CC: Como ocorreu tamanha erosão do poder de compra das aposentadorias?
EF: Na ditadura, entre 1984 e 1985, mais da metade dos benefícios era inferior ao salário mínimo. O que a Constituição fez? Impediu que o benefício seja inferior ao salário mínimo. O piso passa a ser o salário mínimo. Ao planejar a desvinculação dos benefícios do salário mínimo, Guedes reedita mais uma política da ditadura.
CC: Quem são os prejudicados?
EF: Isso não afeta apenas os benefícios da Previdência Rural e Urbana. Prejudica também o auxílio desemprego e o Benefício de Prestação Continuada. Guedes ajudou a ditadura de Pinochet e suas medidas se espelham em políticas ditatoriais.
CC: Segundo o projeto de Guedes, o reajuste passaria a ser a partir de uma meta de inflação.
EF: Ele pretende reeditar aquela famosa política do arrocho salarial implantada com o golpe de 1964. O governo fazia uma previsão de inflação, que seria a base para o reajuste dos salários. Acontece que essa previsão era sempre inferior à inflação real.

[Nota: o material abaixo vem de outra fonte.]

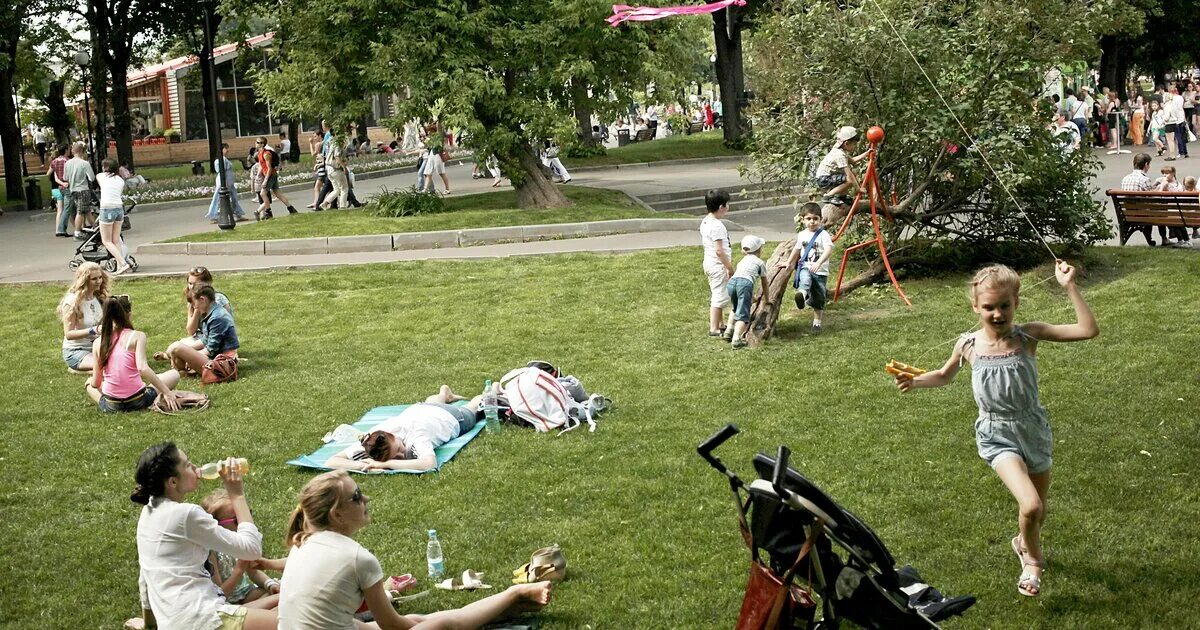 В парках много людей. Люди в парке. Парк Горького зона отдыха. Парк много людей. Много людей в парке.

Por conta dessa manipulação, todos os anos o governo corroía o poder de compra dos salários. É que explica o fato de nas décadas de 1960 e 1970 o Brasil ter crescido como a China, mas com uma concentração brutal da renda.
Assim funcionou o arrocho salarial, e é basicamente o que vai acontecer, se o plano de Guedes for aprovado. Haverá uma profunda corrosão do poder de compra do aposentado rural, do aposentado urbano, dos beneficiários do seguro-desemprego e dos mais de 6 milhões de famílias que recebem o Benefício de Prestação Continuada e que tem renda familiar de até um quarto do salário mínimo.
CC: Quantas pessoas serão afetadas no total?
EF: Cerca de 45 milhões de pessoas sofrerão uma substancial perda pela corrosão do valor real desses benefícios sociais, que hoje tem um papel fundamental para mitigar a desigualdade.
CC: Como é a composição desse total?
EF: São cerca de 25 milhões de beneficiários da Previdência Urbana, 12 milhões da Previdência Rural, 6 do BPC, sem contar o seguro-desemprego.
CC: Sem contar as dezenas de milhões de trabalhadores ativos que serão afetados pelo arrocho.
EF: Sem dúvida. Além da Previdência, do seguro-desemprego, do Benefício de Prestação Continuada, vai afetar também mais de 30 milhões de pessoas que o salário mínimo.
CC: A medida pretendida por Guedes prejudicará, portanto, um total aproximado de 75 milhões de pessoas.
EF: Sim. São exatamente os mais pobres. A reedição do arrocho salarial vale também para os trabalhadores ativos que recebem salário mínimo. E quando arrocha o salário mínimo, comprime também os benefícios da Previdência.